A Giorgio Briano, ch’era stato il suo grande elettore ed ora non voleva rassegnarsi alle dimissioni di lui, il Manzoni scriveva da Lesa, il 7 ottobre ’48, una lettera ch’è un monumento di onestà politica e di fino senso della realtà. Gli diceva tra l’altro:

...Ma abbia pazienza... Per quanto io veda come possa essere strano in questa urgenza e gravità di cose il parlare di un uomo inconcludente, e il parlarne lui medesimo, e a persona sicuramente occupatissima, bisogna che io mi giustifichi con Lei, e la convinca che quell’inetto, contro il quale Ella insorse tanto cortesemente, fu scritto non solo con verità, ma con proprietà rigorosa, relativamente (veda che la mia modestia non è senza limiti) alle qualità che si richiedono in un uomo pubblico. Per non toccarne che una, ma essenzialissima, quel senso pratico dell’opportunità, quel saper discernere il punto, o un punto, dove il desiderabile s’incontri col riuscibile, e attenercisi, sacrificando il primo, con rassegnazione non solo, ma con fermezza fin dove è necessario (salvo il diritto, s’intende), è un dono che mi manca, a un segno singolare.

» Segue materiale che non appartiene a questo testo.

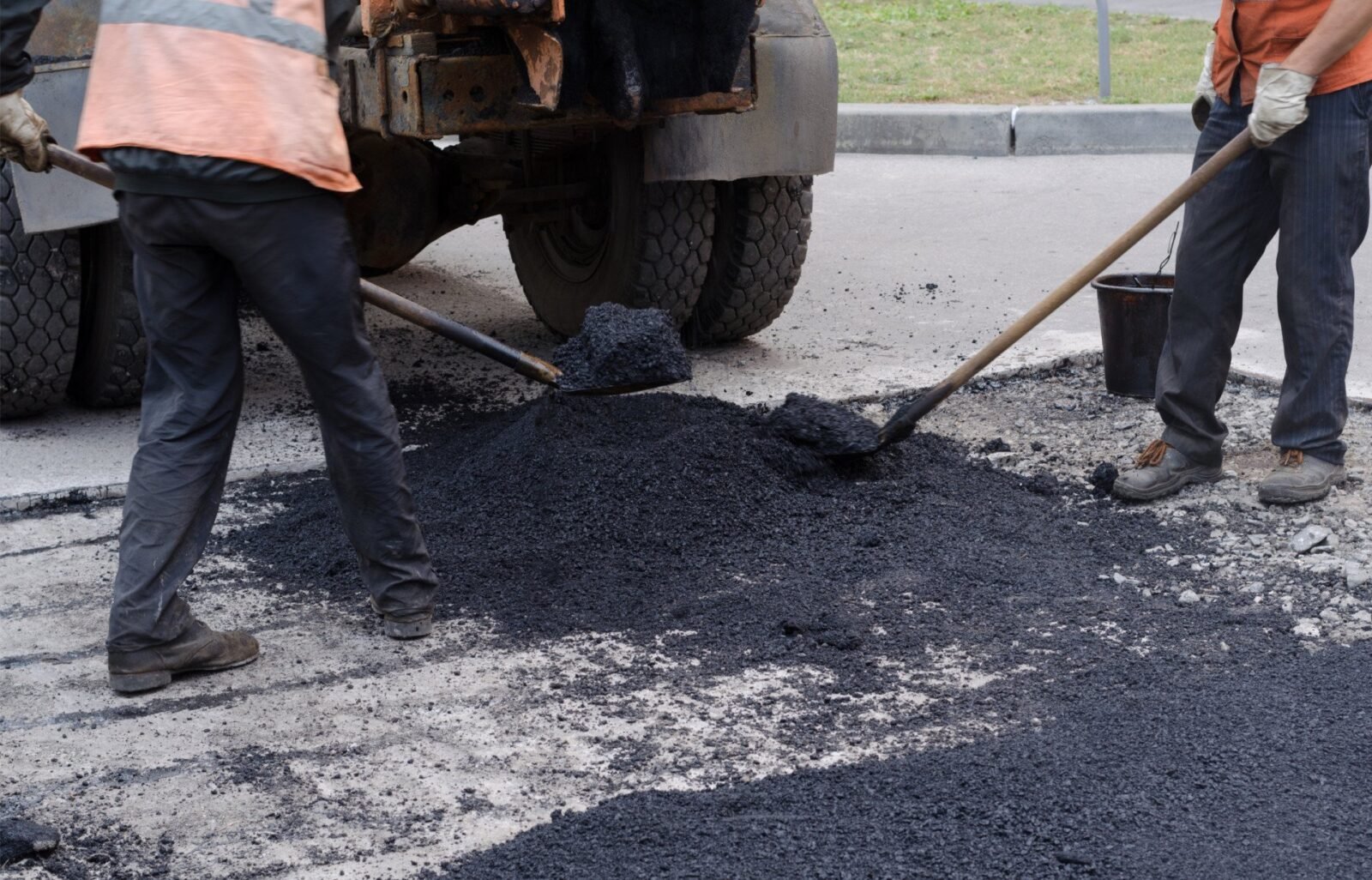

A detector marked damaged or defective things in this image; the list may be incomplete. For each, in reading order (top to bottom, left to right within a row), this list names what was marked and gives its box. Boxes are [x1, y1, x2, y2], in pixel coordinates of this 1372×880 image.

fresh asphalt patch [196, 389, 1372, 878]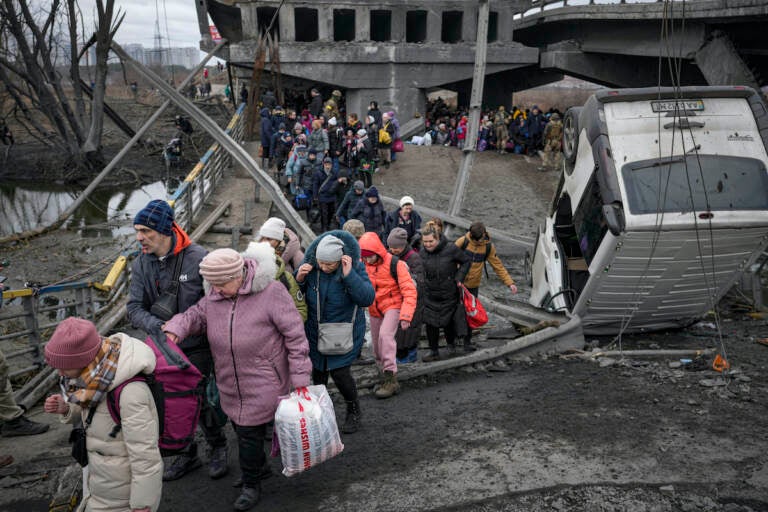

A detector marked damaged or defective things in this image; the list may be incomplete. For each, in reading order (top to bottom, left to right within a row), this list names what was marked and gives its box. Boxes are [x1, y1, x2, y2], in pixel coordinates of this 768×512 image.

«Utopista» impenitente, a lui «il fattibile» le più volte non piaceva, anzi ripugnava; e d’altra parte, nelle assemblee sentiva d’essere «un irresoluto» e un timido. «Ardito finchè si tratta di chiacchierare tra amici», soggiungeva, «nel mettere in campo proposizioni che paiono, e saranno, paradossi, o tenace non meno nel difenderle; tutto mi si fa dubbioso, oscuro, complicato, quando le parole possono condurre a una deliberazione. Un utopista e un irresoluto sono due soggetti inutili, per lo meno, in una riunione, dove si parli per concludere; io sarei l’uno e l’altro nello stesso tempo». Perciò rinunziava subito a partecipare a quelle riunioni dove l’utopia conviene che s’acconci al fattibile: il suo posto era meglio tra gli «amici», dove arditamente avrebbe potuto avventare e sostenere quelli che agli uomini pratici parevano «paradossi». Gli amici avrebbero pensato a diffonderli nel popolo, e quei paradossi sarebbero serviti di lievito agli avvenimenti futuri. La lettera concludeva:

È una cosa dolorosa e mortificante il trovarsi inutile a una causa che è stata il sospiro di tutta la vita; ma Ipse fecit nos et non ipsi nos, e non ci chiederà conto dell’omissione, se non nelle cose alle quali ci ha data attitudine. Io non posso far altro che raccomandar questa causa a chi ha e l’ingegno e gli altri mezzi necessari per aiutarla efficacemente; e farei con grande istanza questa raccomandazione a Lei, se ce ne fosse bisogno.